Chang is calling Oz diverting family fare with a few portions that connect, but he’s mainly saying that it’s composed of thin material that’s not very involving — “rings hollow,” “gaudily depersonalized,” “visual Baum-bast.” He adds that it makes you want to rush home and pop in the Bluray of the original 1939 The Wizard of Oz , which is where the real nutrition still resides. But he praises the film’s “exquisite” black-and-white prologue, composed in a 1.33 aspect ratio, set on “a windy strip of Kansas prairie” and showing James Franco‘s wily circus magician-slash-con man performing and sweet-talking a couple of ladies.

I have to at least say that Chang is right-on about this portion. The opening credits (also in black and white 3D) are inventive and beautiful and altogether quite masterful. Handsome naturalistic black-and-white 3D hasn’t been seen since…what?…The Creature From The Black Lagoon? (Tim Burton‘s Frankenweenie was animated.) “This is amazing…delightful,” I was saying to myself. “I haven’t watched anything like this ever on a big screen…the first time in my life!”

This section recalls the opening of Victor Fleming‘s The Wizard of Oz in that it lays out character issues and plants a couple of character seeds that will sorta kinda pay off later on. (Of course, if Raimi really wanted to pay tribute to the original Oz he would have rendered this sequence in monochrome sepia.)

Honestly?

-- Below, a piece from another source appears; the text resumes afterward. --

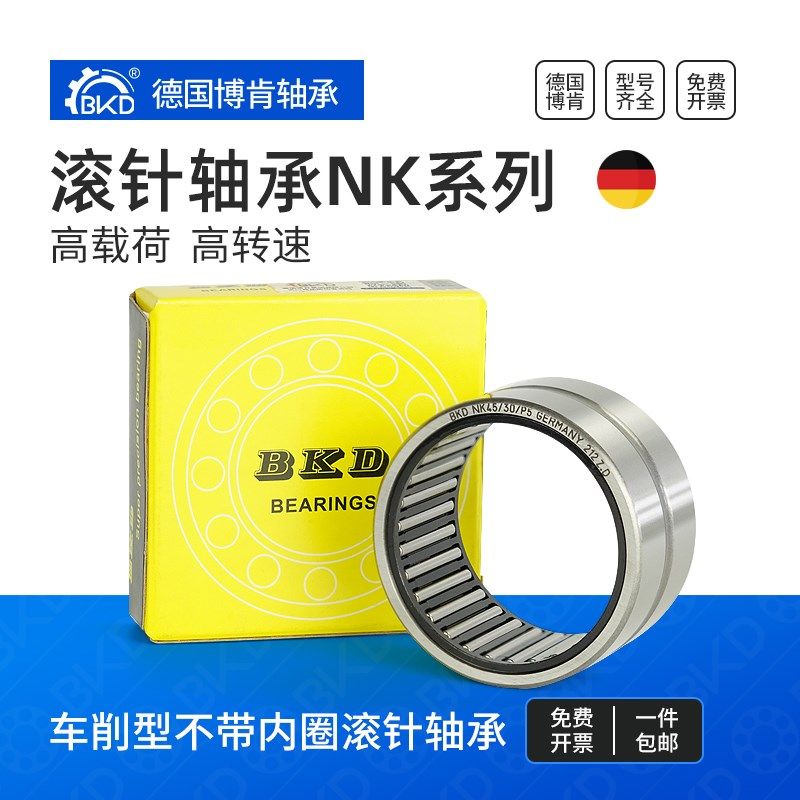 德国BKD进口滚针轴承NK47/30 NK50 NK55 NK60/25/35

The lensing, writing and acting in this portion of Oz the Great and Powerful (which lasts maybe 14 or 15 minutes) are better than in the rest of the film, which runs another 110 minutes and has been shot in widescreen color 3D. So I can at least say for now that Oz the Great and Powerful is worth the price just to catch the black-and-white 3D.

Note: Variety is now running high-contrast, Benday-ish, Wall Street Journal-styled images of critics and other contributors.